What the exercise asks:
Only the pictures are to be left out; set down the rest of the records exactly.

Captioned web images:
★ ★ ★ ★
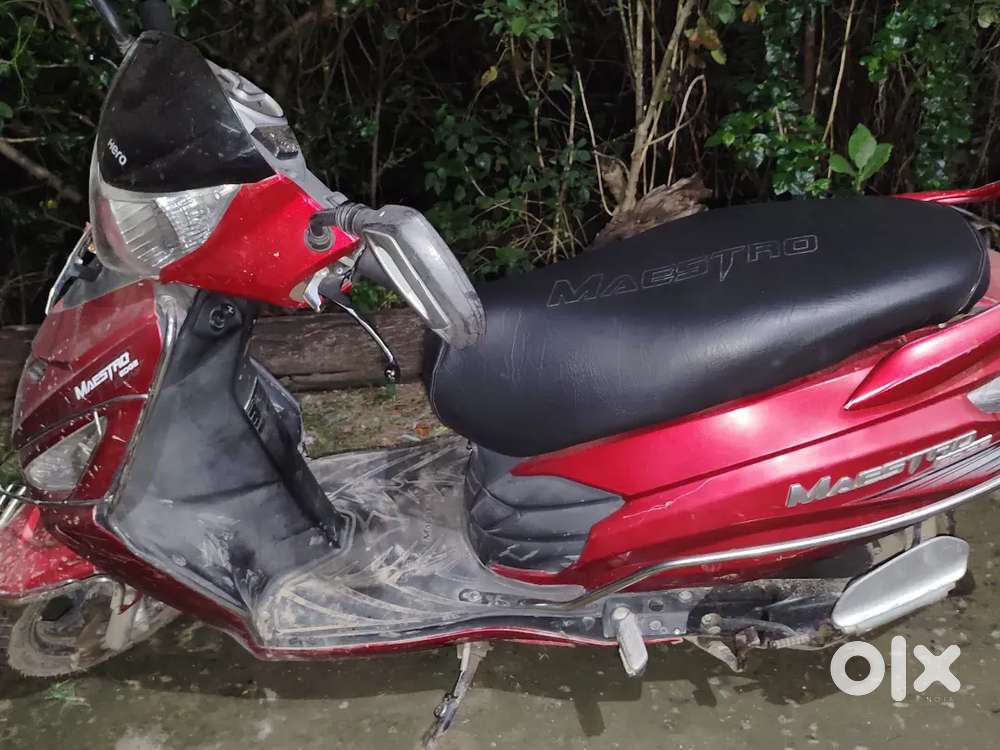 Hume scooty bechni h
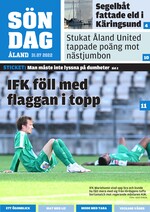 Ålandstidningen - 2022-07-31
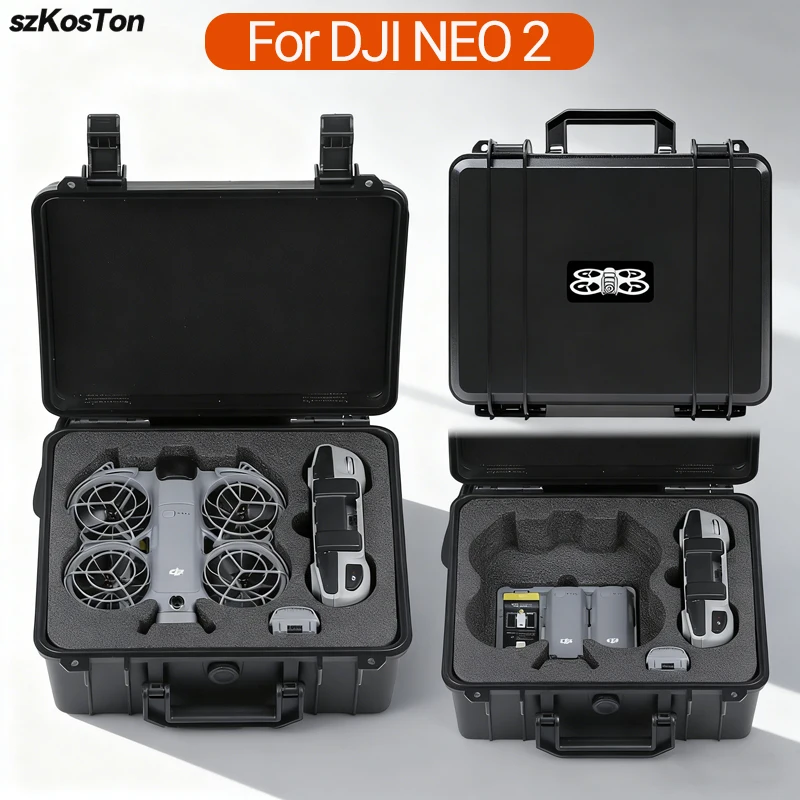 Portable Safety Box For DJI NE - огляд і ціна Drone Rc N3
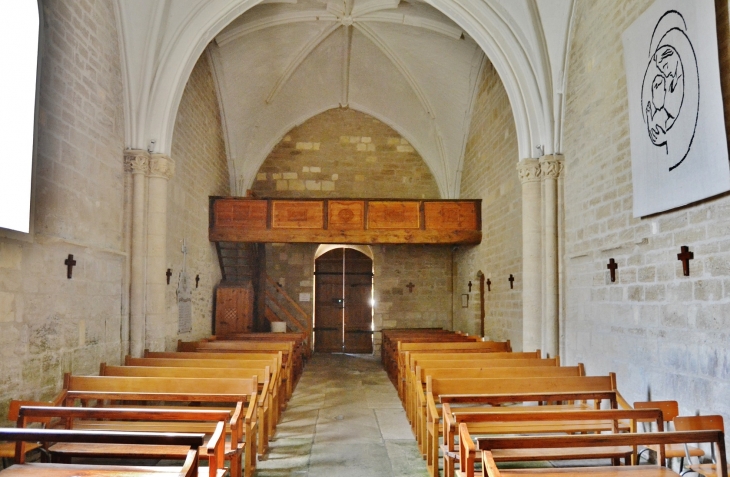   .église Saint-Crepin - Saint-Crépin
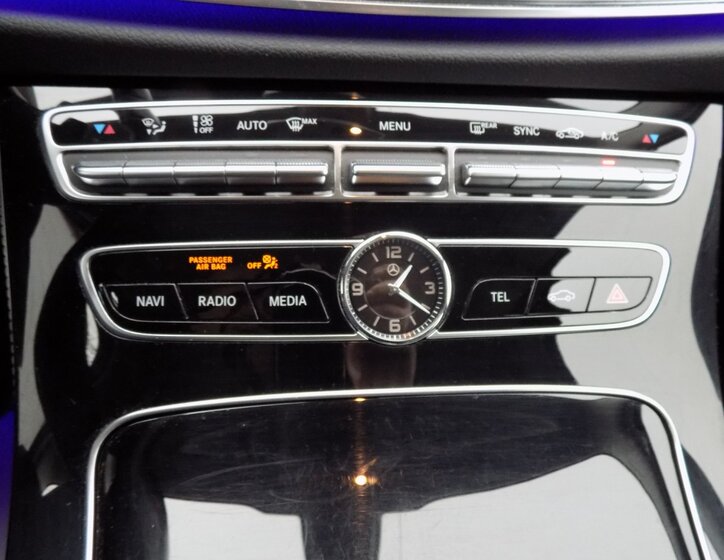 Mercedes-Benz Třídy E 31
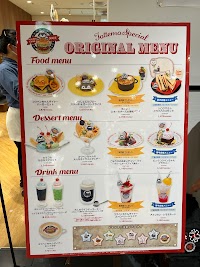 THE GUEST cafe&diner 心斎橋パルコ店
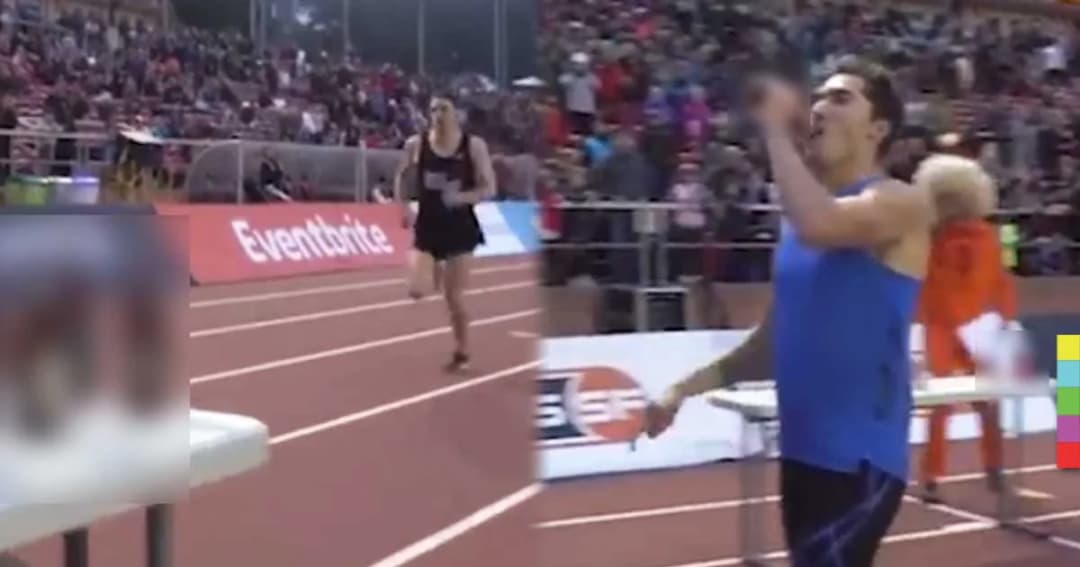 ‘The Beer Mile’ การแข่งขันวิ่งสำหรับนักวิ่งสายแข็ง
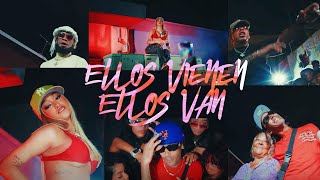 La Perversa Loco Prieto  Ellos Vienen Ellos Van Video Oficial [upl. by Eart]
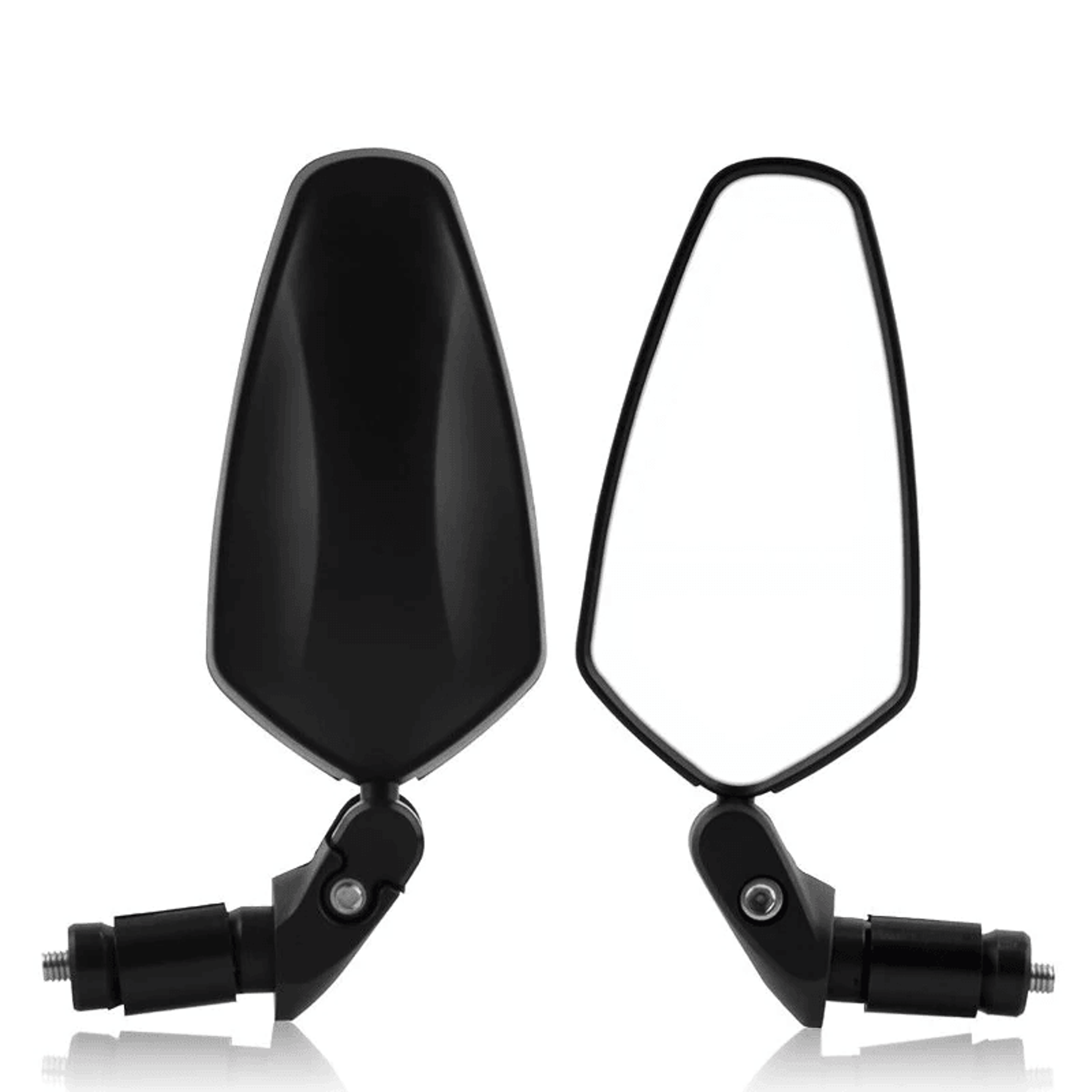 Adjustable Bicycle Rearview Mirrors For Handlebar Ends 0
★ ★ ★ ★
Worked solution:
 Hume scooty bechni h
 Ålandstidningen - 2022-07-31
 Portable Safety Box For DJI NE - огляд і ціна Drone Rc N3
   .église Saint-Crepin - Saint-Crépin
 Mercedes-Benz Třídy E 31
 THE GUEST cafe&diner 心斎橋パルコ店
 ‘The Beer Mile’ การแข่งขันวิ่งสำหรับนักวิ่งสายแข็ง
 La Perversa Loco Prieto  Ellos Vienen Ellos Van Video Oficial [upl. by Eart]
 Adjustable Bicycle Rearview Mirrors For Handlebar Ends 0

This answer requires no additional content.